The Tribune Company, one of America’s oldest and largest media firms, will exit Chapter 11 today. Reuters reports that the firm will get a $1.1 billion senior secured term loan and other financial support. None of that will mean much, because the Tribune still owns too many properties that are dying. No evidence in the Tribune operating numbers, or those of its peers, offers any encouragement about its future.
The Tribune has eight large dailies and 23 TV stations. The boost that stations around the country got from the national election is over, and a similar event may not come around until four years from now. Ownership of local stations is not what it was 25 years ago when firms like Capital Cities had 70% operating margins at some properties.
The quarterly figures for the Washington Post stations from the pre-election Q3 2011 period are a fair way to look at the industry in its normal state.
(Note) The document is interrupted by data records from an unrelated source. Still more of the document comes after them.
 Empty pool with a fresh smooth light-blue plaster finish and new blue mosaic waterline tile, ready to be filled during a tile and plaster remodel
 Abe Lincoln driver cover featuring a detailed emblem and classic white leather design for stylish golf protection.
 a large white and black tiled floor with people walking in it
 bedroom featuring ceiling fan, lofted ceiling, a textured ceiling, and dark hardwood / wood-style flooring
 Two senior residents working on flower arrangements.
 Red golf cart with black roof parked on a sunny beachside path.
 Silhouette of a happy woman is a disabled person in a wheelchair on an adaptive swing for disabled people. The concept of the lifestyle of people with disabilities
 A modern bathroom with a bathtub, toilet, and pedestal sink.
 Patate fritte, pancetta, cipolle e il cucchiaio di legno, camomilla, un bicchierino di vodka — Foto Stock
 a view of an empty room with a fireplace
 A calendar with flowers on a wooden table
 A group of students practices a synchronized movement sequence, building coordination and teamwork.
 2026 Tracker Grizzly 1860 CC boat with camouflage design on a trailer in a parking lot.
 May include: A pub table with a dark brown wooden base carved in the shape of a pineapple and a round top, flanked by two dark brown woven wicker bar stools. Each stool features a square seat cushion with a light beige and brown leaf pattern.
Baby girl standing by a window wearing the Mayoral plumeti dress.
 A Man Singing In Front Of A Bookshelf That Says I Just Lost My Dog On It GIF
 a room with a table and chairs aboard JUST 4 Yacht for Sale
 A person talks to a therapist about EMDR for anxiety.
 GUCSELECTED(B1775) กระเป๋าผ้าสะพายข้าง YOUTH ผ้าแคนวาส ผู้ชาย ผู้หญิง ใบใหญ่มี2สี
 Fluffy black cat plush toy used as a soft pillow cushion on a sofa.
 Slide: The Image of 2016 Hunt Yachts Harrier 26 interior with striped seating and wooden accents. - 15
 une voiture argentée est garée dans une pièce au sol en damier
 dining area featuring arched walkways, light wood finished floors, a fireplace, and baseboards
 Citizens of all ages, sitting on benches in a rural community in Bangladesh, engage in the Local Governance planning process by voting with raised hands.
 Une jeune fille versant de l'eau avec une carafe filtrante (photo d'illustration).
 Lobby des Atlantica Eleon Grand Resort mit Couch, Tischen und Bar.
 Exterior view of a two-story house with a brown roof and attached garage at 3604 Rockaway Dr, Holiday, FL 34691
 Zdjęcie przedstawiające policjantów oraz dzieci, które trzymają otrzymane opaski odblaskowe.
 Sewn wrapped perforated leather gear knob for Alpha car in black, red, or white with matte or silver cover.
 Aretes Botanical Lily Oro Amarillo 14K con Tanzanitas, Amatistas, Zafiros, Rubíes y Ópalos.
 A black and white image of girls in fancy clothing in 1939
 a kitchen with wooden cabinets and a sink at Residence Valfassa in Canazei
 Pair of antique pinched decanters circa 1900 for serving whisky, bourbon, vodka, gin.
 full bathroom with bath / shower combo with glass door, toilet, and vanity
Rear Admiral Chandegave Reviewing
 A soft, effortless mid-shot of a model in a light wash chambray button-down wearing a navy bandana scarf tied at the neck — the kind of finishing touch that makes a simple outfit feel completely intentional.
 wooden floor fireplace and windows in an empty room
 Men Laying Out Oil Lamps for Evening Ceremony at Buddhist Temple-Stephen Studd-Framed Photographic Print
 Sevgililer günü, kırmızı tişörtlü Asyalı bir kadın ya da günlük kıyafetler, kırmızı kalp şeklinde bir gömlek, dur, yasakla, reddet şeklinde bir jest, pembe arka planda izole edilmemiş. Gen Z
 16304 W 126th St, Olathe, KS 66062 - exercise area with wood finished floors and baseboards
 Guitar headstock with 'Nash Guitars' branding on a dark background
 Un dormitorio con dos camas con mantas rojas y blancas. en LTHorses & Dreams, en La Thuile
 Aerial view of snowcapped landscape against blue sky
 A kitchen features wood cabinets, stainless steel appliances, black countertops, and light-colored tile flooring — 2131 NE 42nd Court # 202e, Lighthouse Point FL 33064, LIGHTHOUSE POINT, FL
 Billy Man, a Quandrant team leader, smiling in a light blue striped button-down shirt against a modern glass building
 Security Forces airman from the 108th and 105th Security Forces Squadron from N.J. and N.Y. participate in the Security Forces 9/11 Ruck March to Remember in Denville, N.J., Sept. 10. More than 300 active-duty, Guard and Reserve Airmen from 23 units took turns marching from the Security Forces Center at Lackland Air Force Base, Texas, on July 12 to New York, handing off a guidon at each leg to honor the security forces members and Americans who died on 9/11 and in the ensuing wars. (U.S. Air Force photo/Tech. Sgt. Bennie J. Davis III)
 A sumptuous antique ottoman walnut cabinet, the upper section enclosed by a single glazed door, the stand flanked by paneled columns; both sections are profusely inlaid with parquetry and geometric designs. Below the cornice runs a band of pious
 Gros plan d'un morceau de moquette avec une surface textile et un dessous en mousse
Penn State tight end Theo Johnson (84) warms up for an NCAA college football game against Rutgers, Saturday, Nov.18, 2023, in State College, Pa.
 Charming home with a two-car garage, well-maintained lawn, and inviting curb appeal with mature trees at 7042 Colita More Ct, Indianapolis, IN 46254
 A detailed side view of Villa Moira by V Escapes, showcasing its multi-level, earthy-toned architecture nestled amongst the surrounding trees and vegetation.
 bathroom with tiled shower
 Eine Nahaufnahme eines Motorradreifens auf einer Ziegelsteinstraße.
Revenue for the television broadcasting division was $73.8 million and operating income was $24.1 million. The margin is good, but not at a level that would help offset the debt the Tribune will have.
The Tribune’s papers are as troubled as any other large dailies. The Los Angeles Times and Chicago Tribune will not do better financially than The New York Times or Washington Post, and their content is not “valuable” enough to erect a paywall to create revenue the way the Times or Wall Street Journal have.
There are rumors that News Corp. (NASDAQ: NWSA) could buy the LA Times, but they are only rumors. A close look that at the direction of the Times’ revenue and profits likely will cause any buyer to consider how the deteriorating state of the paper could be reversed. The only correct conclusion is that it cannot be.